Walter Trump was kind enough to correct my previous mistakes and provide the essential guidance for the illustrations and contents above. I looked at this problem with binoculars. Trump looks with the Hubble Telescope.

Gareth McCaughan provided a real breakthrough in progress on the water retention problem when he contributed the idea and code for the water retention algorithm written in python.

Harry White has both source code in C ++ and a .exe version of the retention algorithm that will determine the water capacity of any order of square. It is available in the download section of his excellent website on bordered magic squares.

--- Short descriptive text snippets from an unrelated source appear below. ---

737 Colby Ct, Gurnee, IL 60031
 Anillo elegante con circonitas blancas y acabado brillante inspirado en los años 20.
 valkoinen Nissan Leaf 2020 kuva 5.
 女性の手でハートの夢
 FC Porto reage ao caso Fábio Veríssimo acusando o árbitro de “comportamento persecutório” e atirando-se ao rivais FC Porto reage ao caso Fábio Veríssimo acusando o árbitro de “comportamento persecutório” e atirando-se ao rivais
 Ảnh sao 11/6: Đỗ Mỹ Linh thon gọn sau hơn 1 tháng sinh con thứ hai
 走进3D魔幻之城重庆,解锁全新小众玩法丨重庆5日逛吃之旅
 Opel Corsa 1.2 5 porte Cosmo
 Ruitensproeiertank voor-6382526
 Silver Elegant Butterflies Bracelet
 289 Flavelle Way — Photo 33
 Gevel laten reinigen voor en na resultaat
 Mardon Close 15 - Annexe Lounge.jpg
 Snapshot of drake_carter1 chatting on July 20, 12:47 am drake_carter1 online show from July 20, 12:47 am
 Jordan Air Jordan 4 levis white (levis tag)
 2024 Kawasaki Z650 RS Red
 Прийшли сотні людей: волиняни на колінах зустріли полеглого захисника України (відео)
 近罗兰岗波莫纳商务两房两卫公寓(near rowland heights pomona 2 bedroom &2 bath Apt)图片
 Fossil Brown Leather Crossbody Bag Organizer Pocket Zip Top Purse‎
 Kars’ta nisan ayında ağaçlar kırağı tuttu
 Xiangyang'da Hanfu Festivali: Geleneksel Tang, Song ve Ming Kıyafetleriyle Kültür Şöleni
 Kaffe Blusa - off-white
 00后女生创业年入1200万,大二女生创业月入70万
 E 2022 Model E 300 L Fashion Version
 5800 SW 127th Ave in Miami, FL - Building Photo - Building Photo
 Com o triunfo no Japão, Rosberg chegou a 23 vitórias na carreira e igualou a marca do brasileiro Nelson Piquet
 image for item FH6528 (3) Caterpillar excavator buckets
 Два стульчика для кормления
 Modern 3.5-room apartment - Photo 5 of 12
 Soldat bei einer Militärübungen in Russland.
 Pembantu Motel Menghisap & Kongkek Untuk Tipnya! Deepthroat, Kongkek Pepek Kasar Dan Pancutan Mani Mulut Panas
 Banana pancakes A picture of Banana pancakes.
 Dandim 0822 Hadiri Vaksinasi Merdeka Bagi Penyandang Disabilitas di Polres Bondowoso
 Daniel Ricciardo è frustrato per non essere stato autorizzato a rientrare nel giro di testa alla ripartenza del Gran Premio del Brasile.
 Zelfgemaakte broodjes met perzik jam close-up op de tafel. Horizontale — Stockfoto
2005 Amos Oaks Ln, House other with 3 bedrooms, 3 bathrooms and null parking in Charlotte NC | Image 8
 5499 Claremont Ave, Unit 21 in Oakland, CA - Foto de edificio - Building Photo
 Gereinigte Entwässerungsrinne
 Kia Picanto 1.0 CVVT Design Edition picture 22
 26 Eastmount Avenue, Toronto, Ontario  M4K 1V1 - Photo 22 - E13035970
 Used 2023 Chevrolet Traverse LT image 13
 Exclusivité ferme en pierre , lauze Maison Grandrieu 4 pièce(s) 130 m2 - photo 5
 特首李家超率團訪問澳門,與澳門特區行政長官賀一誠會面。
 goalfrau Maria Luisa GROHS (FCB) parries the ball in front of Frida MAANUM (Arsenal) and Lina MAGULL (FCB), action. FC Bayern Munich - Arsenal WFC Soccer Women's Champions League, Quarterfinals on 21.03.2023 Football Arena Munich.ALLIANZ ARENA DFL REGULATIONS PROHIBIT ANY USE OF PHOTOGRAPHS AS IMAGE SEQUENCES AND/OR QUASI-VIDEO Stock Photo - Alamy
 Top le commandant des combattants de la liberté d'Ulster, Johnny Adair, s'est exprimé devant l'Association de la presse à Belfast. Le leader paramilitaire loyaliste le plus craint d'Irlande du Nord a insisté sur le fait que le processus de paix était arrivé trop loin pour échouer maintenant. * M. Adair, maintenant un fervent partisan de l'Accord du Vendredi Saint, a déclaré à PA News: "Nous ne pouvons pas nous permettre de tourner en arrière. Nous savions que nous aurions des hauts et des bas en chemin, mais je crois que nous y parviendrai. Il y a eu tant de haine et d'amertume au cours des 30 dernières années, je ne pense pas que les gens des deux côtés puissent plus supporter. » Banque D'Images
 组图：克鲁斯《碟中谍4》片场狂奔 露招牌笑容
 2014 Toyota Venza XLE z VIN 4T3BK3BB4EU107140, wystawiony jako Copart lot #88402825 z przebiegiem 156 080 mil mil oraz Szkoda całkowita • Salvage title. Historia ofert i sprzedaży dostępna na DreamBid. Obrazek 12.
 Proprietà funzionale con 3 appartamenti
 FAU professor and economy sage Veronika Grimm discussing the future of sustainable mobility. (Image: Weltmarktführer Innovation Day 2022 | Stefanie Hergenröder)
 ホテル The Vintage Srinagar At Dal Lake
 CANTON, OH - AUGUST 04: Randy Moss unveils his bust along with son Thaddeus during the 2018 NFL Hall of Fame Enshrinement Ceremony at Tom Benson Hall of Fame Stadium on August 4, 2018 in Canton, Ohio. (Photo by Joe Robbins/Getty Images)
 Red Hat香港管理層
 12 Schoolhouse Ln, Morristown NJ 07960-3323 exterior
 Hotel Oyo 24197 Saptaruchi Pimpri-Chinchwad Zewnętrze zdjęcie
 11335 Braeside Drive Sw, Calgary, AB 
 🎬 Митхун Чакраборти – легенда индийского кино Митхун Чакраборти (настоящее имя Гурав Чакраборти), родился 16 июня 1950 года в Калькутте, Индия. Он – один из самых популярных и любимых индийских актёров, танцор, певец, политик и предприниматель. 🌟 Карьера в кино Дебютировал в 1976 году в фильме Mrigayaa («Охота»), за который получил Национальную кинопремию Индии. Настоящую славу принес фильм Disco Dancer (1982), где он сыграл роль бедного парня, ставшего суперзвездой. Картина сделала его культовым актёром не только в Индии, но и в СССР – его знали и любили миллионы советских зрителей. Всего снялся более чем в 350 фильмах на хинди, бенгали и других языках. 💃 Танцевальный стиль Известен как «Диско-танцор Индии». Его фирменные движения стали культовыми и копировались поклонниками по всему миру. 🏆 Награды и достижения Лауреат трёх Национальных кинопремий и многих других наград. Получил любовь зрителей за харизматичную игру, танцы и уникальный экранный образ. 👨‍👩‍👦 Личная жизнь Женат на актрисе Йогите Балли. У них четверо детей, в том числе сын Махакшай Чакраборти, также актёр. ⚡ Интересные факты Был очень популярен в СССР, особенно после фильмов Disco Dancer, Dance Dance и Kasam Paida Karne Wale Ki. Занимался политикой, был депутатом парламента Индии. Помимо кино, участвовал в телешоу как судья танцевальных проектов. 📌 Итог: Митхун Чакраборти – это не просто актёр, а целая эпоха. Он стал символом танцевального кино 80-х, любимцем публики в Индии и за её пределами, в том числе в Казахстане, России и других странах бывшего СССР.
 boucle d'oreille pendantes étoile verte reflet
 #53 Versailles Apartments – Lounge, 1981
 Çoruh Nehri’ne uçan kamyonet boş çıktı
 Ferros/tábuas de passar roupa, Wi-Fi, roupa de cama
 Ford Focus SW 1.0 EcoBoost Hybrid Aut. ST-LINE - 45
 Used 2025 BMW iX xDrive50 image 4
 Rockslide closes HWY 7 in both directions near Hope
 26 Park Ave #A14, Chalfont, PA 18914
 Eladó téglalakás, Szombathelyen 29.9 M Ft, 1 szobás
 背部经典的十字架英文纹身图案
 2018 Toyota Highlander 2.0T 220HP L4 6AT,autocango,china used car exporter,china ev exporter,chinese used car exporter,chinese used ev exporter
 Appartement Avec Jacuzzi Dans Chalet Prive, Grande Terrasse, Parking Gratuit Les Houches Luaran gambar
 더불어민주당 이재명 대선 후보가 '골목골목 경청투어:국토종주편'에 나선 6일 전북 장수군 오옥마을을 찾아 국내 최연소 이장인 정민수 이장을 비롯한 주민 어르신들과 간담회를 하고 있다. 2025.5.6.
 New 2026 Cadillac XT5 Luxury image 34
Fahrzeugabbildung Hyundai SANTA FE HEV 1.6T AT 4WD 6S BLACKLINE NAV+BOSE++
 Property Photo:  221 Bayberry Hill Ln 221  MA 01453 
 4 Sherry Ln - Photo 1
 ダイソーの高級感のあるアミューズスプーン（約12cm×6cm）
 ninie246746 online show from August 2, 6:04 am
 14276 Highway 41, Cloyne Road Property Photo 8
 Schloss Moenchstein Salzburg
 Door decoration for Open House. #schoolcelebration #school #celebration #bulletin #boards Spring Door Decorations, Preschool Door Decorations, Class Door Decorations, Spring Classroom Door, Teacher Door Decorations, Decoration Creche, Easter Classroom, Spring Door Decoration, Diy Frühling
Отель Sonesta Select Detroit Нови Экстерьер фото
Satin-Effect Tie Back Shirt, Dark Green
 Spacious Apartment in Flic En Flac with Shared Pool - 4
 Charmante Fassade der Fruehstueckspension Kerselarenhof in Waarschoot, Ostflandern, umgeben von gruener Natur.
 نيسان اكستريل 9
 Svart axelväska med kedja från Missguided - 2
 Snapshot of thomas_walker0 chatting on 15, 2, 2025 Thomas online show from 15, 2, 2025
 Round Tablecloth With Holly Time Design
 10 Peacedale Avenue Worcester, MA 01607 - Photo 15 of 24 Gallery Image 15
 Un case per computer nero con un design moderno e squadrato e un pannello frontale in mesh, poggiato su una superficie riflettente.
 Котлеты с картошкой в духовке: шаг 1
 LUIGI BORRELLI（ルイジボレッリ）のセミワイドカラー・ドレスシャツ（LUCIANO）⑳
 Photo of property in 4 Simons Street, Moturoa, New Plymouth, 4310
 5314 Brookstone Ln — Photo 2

Colm Mulcahy suggested I run this idea by Ed Pegg and Martin Gardner. His encouragement has been instrumental in giving this idea a wider exposure.

Notes:

Gareth McCaughan’s template algorithm was purposely produced as a instructional item without any effort given to gain efficiency. Calculating the water capacity of a order 1000 square with the algorithm in this form takes about 10 minutes of computing time.

Walter Trump over the years has designed efficient algorithms to produce magic squares . Trump wrote the code for a version of the retention algorithm that can calculate the water capacity of a magic square in a about the same time frame that it takes to produce the magic square. This made it possible for him to completely sort the 570 billion order 5 semi magic squares , the 20 million order 7 pandiagonal associated magic squares as well as other large sets.

Trump in 2009 implemented the capability of using a random number generator to populate the variables in a algorithm that produces magic squares. For MS orders > 12 and < 250 it is possible to specify the border for a lake with the largest available numbers. The random number assignment process completes the square. This process of chance can “search” for the largest example for water retention by mating it with the water retention algorithm. This program is available upon request.